CPU hang with Fling 2.1

6. RE: CPU hang with Fling 2.1

Recommend

Broadcom Employee

Cyprien Laplace

Posted Jun 16, 2025 05:19 PM
Edited by Cyprien Laplace 10 days ago

Hi Xeroxxx, can you try adding monitor_control.disable_mmu_largepages = "TRUE" in your .vmx (or /etc/vmware/config)?

EDIT: fixed the global config file path.

Original Message

Original Message:
Sent: Jan 14, 2025 08:55 AM
From: Xeroxxx
Subject: CPU hang with Fling 2.1

I might found the issue.

It seems to be related to Mem.ShareForceSalting = 0. Settings it back to 2 on one host solves the issue.

I used it to save on precious memory with a lot of small machines.

Can you replicate the issue with setting it to 0?

EDIT: Nevermind still happens.

[102941.193995] CPU: 0 UID: 0 PID: 8465 Comm: kworker/0:0 Tainted: G             L     6.12.6-arm64 #1  Debian 6.12.6-1[102941.194004] Tainted: [L]=SOFTLOCKUP[102941.194006] Hardware name: VMware, Inc.
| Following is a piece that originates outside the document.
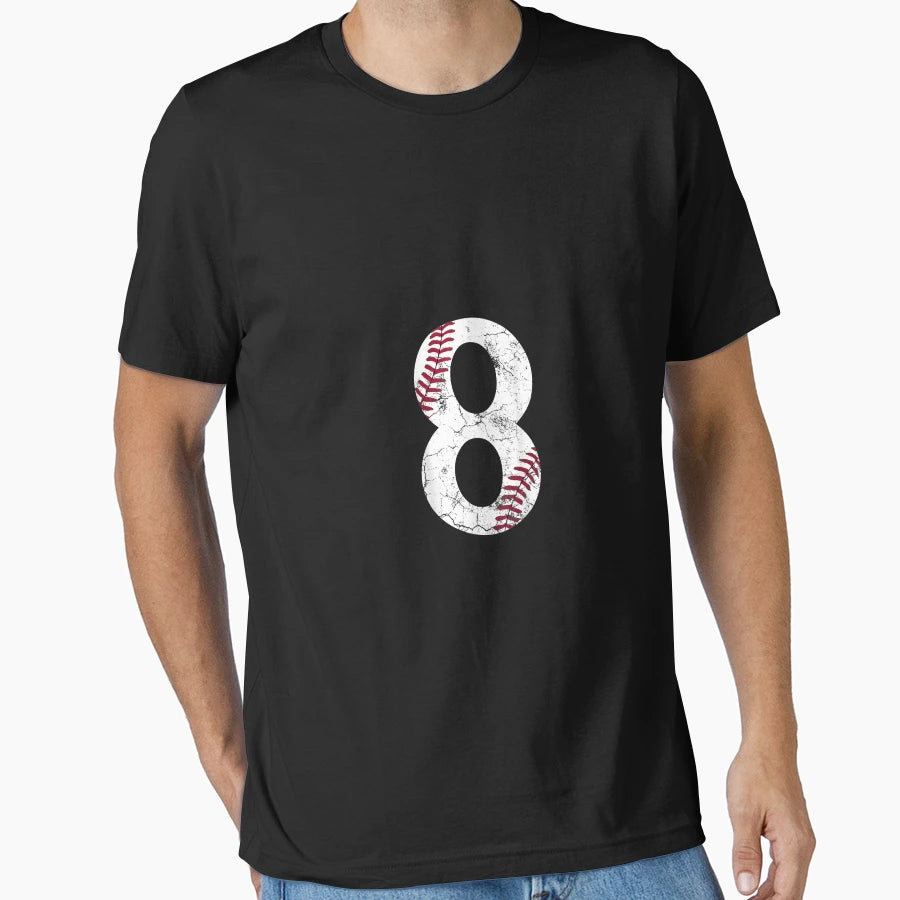 Happy Birthday 8Th 8 Year Old Baseball T-Shirt - Graphic Print Men Women - T-Shirt, Sweatshirt, Hoodie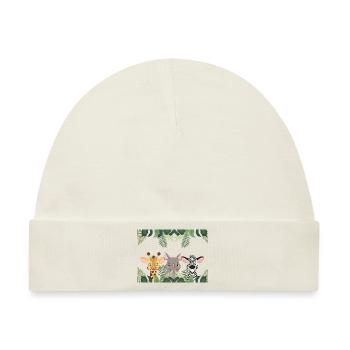 Wildtiere - Baby Premium Organic Mütze - Naturweiß - Vorne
VMware20,1/VBSA, BIOS VMW201.00V.24405116.BA64.2411261552 11/26/2024[102941.194012] Workqueue: events drm_fb_helper_damage_work [drm_kms_helper][102941.194036] pstate: a0000005 (NzCv daif -PAN -UAO -TCO -DIT -SSBS BTYPE=--)[102941.194040] pc : __memcpy+0x128/0x240[102941.194053] lr : vmw_diff_memcpy+0x348/0x670 [vmwgfx]

[100163.653874] CPU: 1 PID: 227739 Comm: ib_tpool_worker Not tainted 5.15.0-130-generic #140-Ubuntu[100163.653883] Hardware name: VMware, Inc. VMware20,1/VBSA, BIOS VMW201.00V.24405116.BA64.2411261552 11/26/2024[100163.653886] pstate: 40400005 (nZcv daif +PAN -UAO -TCO -DIT -SSBS BTYPE=--)[100163.653910] pc : arch_local_irq_enable+0xc/0x2c[100163.653956] lr : copy_process+0xb3c/0x12b0

Cheers

Xeroxxx

Original Message:
Sent: Jan 08, 2025 10:51 AM
From: Cyprien Laplace
Subject: CPU hang with Fling 2.1

Hi Xeroxxx,

I will have to try reproduce it to get a better idea of what's going on. How many vCPUs and how much memory does your VM have?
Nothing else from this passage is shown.